J.W. Ocker lived in Salem, Massachusetts with his wife and two young daughters for the full month of October 2015.
The author claims an interest in the occult, which is amusing because the first time that I tried to type his name, autocorrect changed the spelling to “occult.”
I like reading about travel, history, and also nonfiction about real-life “spooky” places. This book fit all of these categories. DON’T read this book if you get bored easily. Because I slogged through several VERY boring sections, just to get to the good stuff.
I’ve never been to Massachusetts. I googled the distance between Salem and Fall River, MA, which is where Lizzie Borden allegedly killed her parents. I could visit both cities on the same day. (Though I would have to travel through metro Boston to do so.) However, without reading this book first, I wouldn’t know the best places to spend my time in Salem.
My sister-in-law Sarah visited Salem a few years ago and took the above photo. Shortly after Sarah’s trip, she blogged the following: Later that afternoon, we went to Salem so that I could get my witch hunt/The Crucible fix. Maybe I had my hopes set too high, but I found myself fairly disappointed in what I’ll call the over-commercialization of the witch hunts.

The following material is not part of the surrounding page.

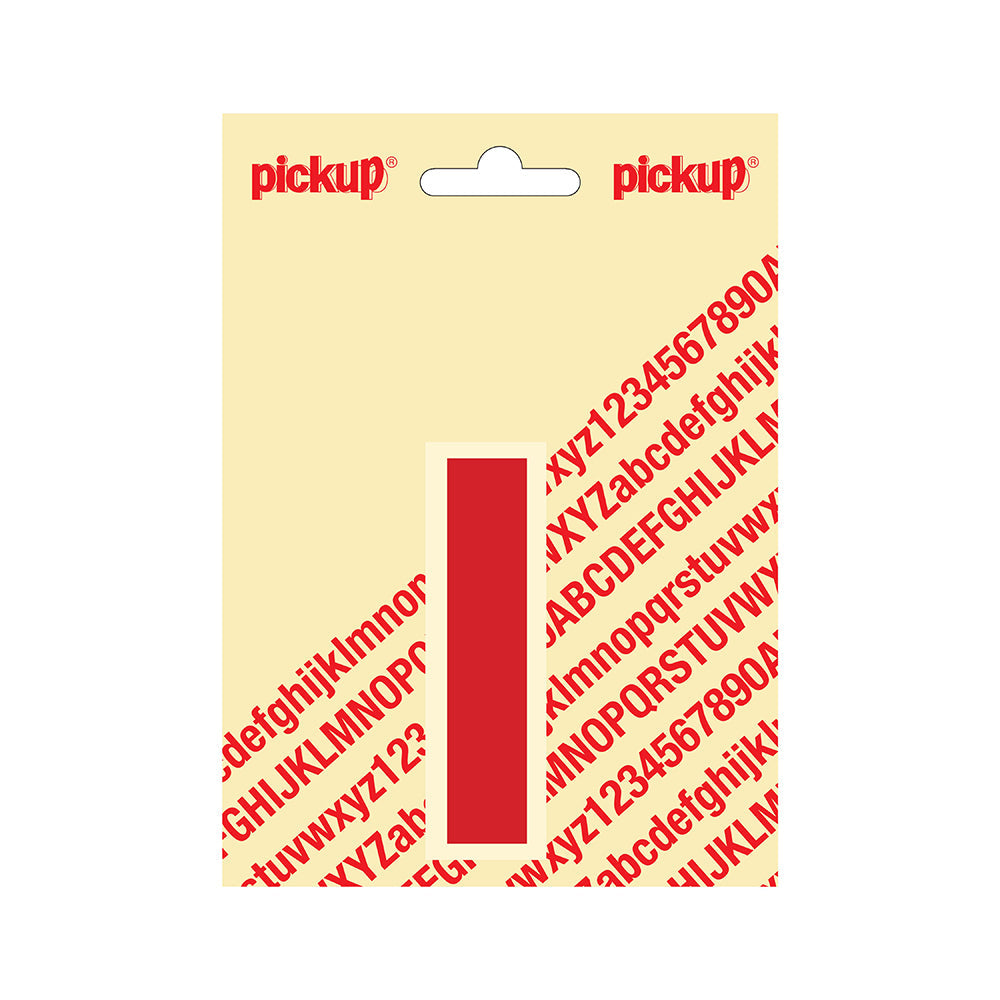 Plakletter Helvetica 80 mm - rood I - Helvetica - 31222080I - EAN 8711234133083 - zelfklevend vinyl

The National Park Service had great free exhibits to Salem’s maritime history (which is totally overshadowed by the witch hunts, in my opinion), but everything related to witches cost money. And I wasn’t sure what would be worth the money and what wouldn’t. I didn’t want us to end up paying $20+ for something that was ridiculously cheesy. And the girl at the visitor center was less than helpful in giving advice. But I got some good pictures of the memorial to the accused — which included the names of some of my favorite characters from The Crucible.
“A Season with the Witch” gave me a pretty good idea of which “witch” attractions are worth the money. For instance, I would visit the Salem Witch Museum. I would skip all of the “haunted houses,” the “haunted neighborhood,” and the establishments which involve paying for predictions of the future.

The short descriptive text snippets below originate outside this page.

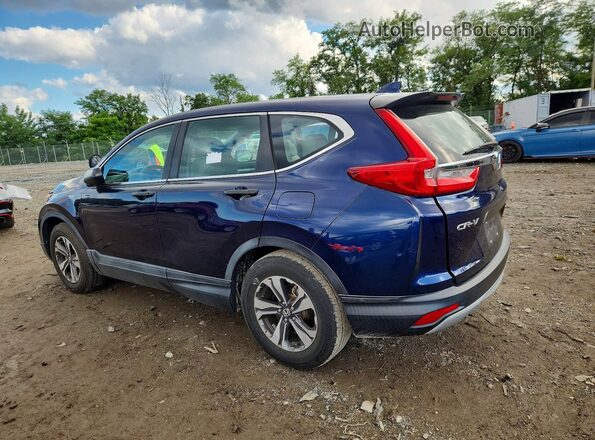 7FARW5H37HE011886 2017 HONDA CR-V Синий Задняя левая четверть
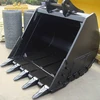 China manufacturer excavator tools 1.5 cu yd rock bucket for Doosan 225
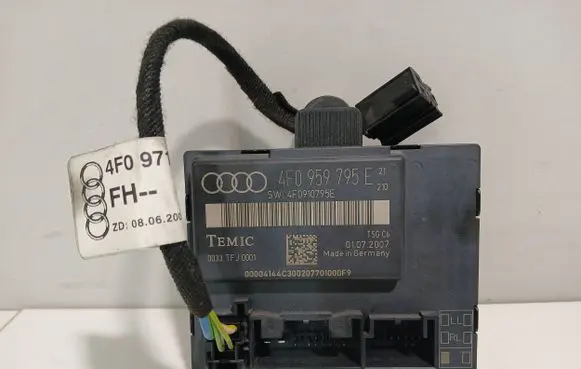 Audi A6 S6 C6 4F Door control unit/module 4F0959795E 4F0910795E 0033TFJ0001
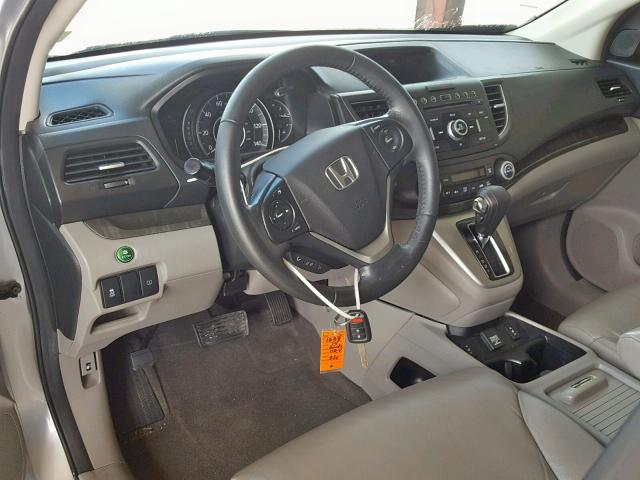 2HKRM3H73EH512960 - 2014 HONDA CR-V EXL SILVER photo 9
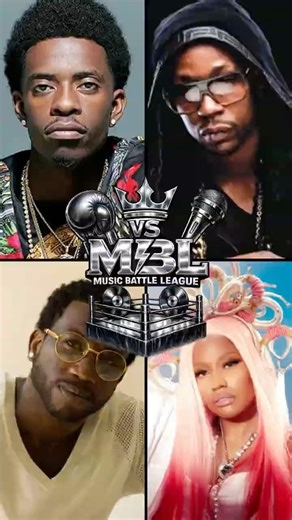 2 Chainz vs Rich Homie Quan, Gucci Mane vs Nicki Minaj - Music Battle League
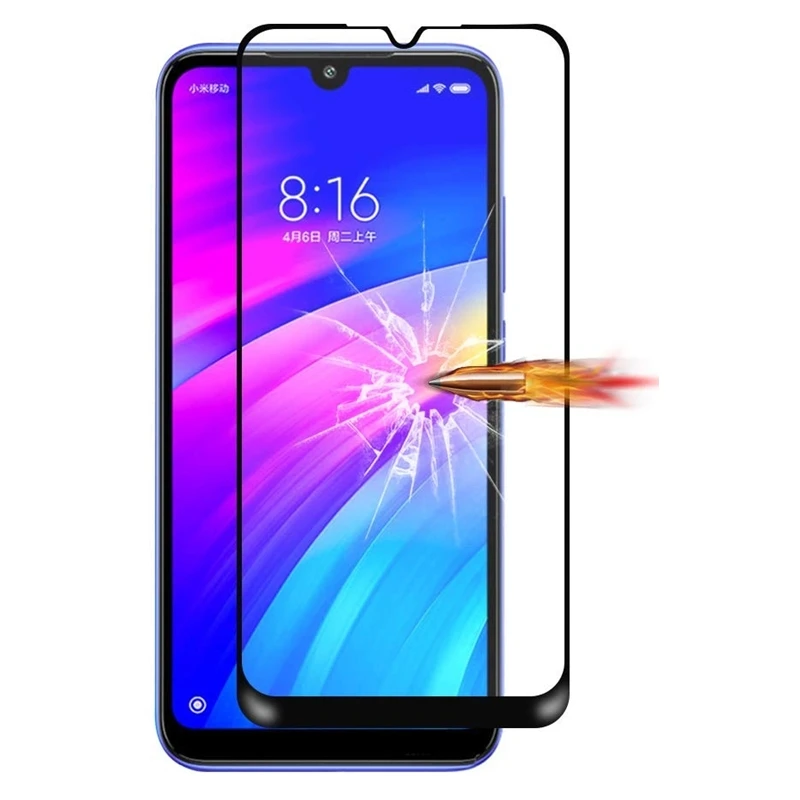Стекло на клеевой основе для Xiaomi Redmi 7 Защита экрана пленка из закаленного стекла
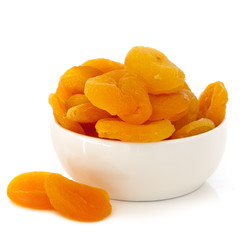 Dried Apricots Isolated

The author did patronize a bunch of Salem witch shops and he paid a bunch of “practitioners” for readings. He didn’t learn anything about himself that he didn’t already know.
(Tangent: When I was a student at St. Vincent College, our dorm brought a local psychic to campus so that students could have the privilege of paying the psychic $35 each for “personal” readings. When my friends debriefed each other later that evening, we discovered that my friends had each received the exact same “prediction.” )
The author also spent a lot of time in, and writing about, cemeteries. (He looked for the graves of the key players in the witch trials.) In these cemeteries, he watched tourists eat their nachos and drunks make asses of themselves.
He interviewed Richard St. Armour, a security guard for the Old Burying Point cemetery in Salem. St. Armour shared the following about weird things that people did in that cemetery:
- Picnic on the tombs.
- Attempt to dig up a grave.
- Hide behind graves when the guard chased out the visitors and locked up the cemetery at dusk.
This last thing triggered a childhood memory. When I was a very young child with several younger sisters and cousins, we were with my mother and my Aunt Sue at playground near my grandma’s house. This playground was at one of those large parks where the park staff have to drive around in order to patrol it. It was dusk. An “official – looking” car drove towards the playground. My aunt told us that the car belonged to the law enforcement coming to chase everybody out of the park for the evening. She told us that if we all hid in a large cement tube that was part of the playground equipment, the “law” wouldn’t see us and we could stay longer. So we all crowded in the tube. And the “law” drove past us. We fought the law, and we won!
Then, we all agreed to go back to grandma’s house and eat ice cream.
I’m sure now that Aunt Sue was messing with us. I bet that the “official” car was for park maintenance or something. I say this not because the “law” would have seen my mom’s car in the playground parking lot, or because my mom wouldn’t have actually agreed to hide from law enforcement in a cement playground tunnel. I say this because my family is LOUD, and the “law” would have heard us.
Yeah, so I went off on a tangent after I ripped on Sarah Vowell on Goodreads for doing this too often. Anyway, you might like “A Season with the Witch” if you have any interest in visiting Salem one day.